Empirically, he coded the 1999 Kargil conflict between India and Pakistan as a non-war. The number of casualties in that conflict is somewhat in dispute, and alas for us, it is either immediately below or immediately above the 1,000 battle deaths standard that has come to define “war” in political science. Rauchhaus generally relied on the Correlates of War coding of conflict, except in the Kargil case, which means that Rauchhaus accepted the Correlates of War coding for many wars with fewer casualties than Kargil. The empirical finding that nuclear dyads are less likely to fight wars is entirely dependent on whether or not Kargil is coded as a war. If it is coded as a war, then there is no statistically significant difference between nuclear dyads and their non-nuclear counterparts. Though Bell and Miller do not mention it, Kargil has the potential to play a similar spoiler role in the deterministic-variant of the democratic peace literature, and so people would be well advised to always pay attention to Kargil in their dataset if war is an important IV or DV. Montgomery and Sagan (2009) had flagged this a while ago, but it’s not clear to me it has fully sunk in.
The other error is also one that could be made more generally, and so should be of interest to political scientists uninterested in war or nuclear weapons. He used a canned package in Stata called xtgee, which estimates a logit generalized estimating equation (GEE). Exciting stuff, no? The problem is, that when Kargil is coded as a non-war, then there are no wars between nuclear dyads, which creates “separation” in the data. Nuclear weapons predict non-war perfectly. This should lead to non-identification in GEE, or logit, or probit models. The computer should yell at you in such instances. In this case, the xtgee command in Stata erroneously allowed for a coefficient estimate to be produced, and hence Rauchhaus found what he found. Rauchhaus might have realized his results were fishy if he had produced a table of relative risk tables instead of just reporting coefficient estimates in the article. If he had done so, he would have realized his coefficient suggested non-nuclear dyads were 2.7 million times more likely to go to war than nuclear dyads. Bell and Miller use an estimator developed by Firth that allows for parameter estimation even with separation in the data (a downloadable firthlogit package is available for Stata users).

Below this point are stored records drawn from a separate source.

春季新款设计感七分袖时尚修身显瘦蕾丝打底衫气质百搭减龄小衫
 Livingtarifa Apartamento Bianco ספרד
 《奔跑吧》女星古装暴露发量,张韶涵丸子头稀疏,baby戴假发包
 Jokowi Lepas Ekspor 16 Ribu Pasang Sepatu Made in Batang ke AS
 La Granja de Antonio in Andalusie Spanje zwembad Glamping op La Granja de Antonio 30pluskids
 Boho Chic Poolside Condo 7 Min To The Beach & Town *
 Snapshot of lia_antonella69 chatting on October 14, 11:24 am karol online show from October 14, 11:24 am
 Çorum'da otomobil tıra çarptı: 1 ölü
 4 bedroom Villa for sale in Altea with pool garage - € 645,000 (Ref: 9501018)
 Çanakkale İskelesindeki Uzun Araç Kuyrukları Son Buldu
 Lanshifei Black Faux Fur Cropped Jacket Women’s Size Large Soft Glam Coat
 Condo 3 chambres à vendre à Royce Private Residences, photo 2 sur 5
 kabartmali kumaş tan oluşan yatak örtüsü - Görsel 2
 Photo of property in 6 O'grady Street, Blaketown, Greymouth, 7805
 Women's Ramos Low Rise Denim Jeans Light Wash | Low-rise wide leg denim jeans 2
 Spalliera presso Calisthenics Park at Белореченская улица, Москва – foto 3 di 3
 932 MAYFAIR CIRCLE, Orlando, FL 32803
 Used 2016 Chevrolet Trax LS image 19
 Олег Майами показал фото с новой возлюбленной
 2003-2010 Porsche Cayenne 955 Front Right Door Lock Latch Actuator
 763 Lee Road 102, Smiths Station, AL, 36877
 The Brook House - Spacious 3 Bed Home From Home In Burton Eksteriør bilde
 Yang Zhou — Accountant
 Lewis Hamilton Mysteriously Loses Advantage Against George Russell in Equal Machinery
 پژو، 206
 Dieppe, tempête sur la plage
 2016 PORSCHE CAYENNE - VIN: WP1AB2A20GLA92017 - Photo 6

Separation is a fairly common problem, particularly for small datasets or datasets with rare events in them that are dichotomously coded. It should be underlined that a common response of statistical programs is to drop variables with separation, which permits a computational solution, but probably biases the results on the remaining variables. This webpage by UCLA helpfully walks through how different statistical packages handle the problem. Others who are methodologically smarter than me have convinced me to always fit a linear probability model onto my data as a robustness check. Linear probability models also do not suffer from separation. And if the coefficient estimates are radically off, you should just be prepared to defend your estimator choice very strongly.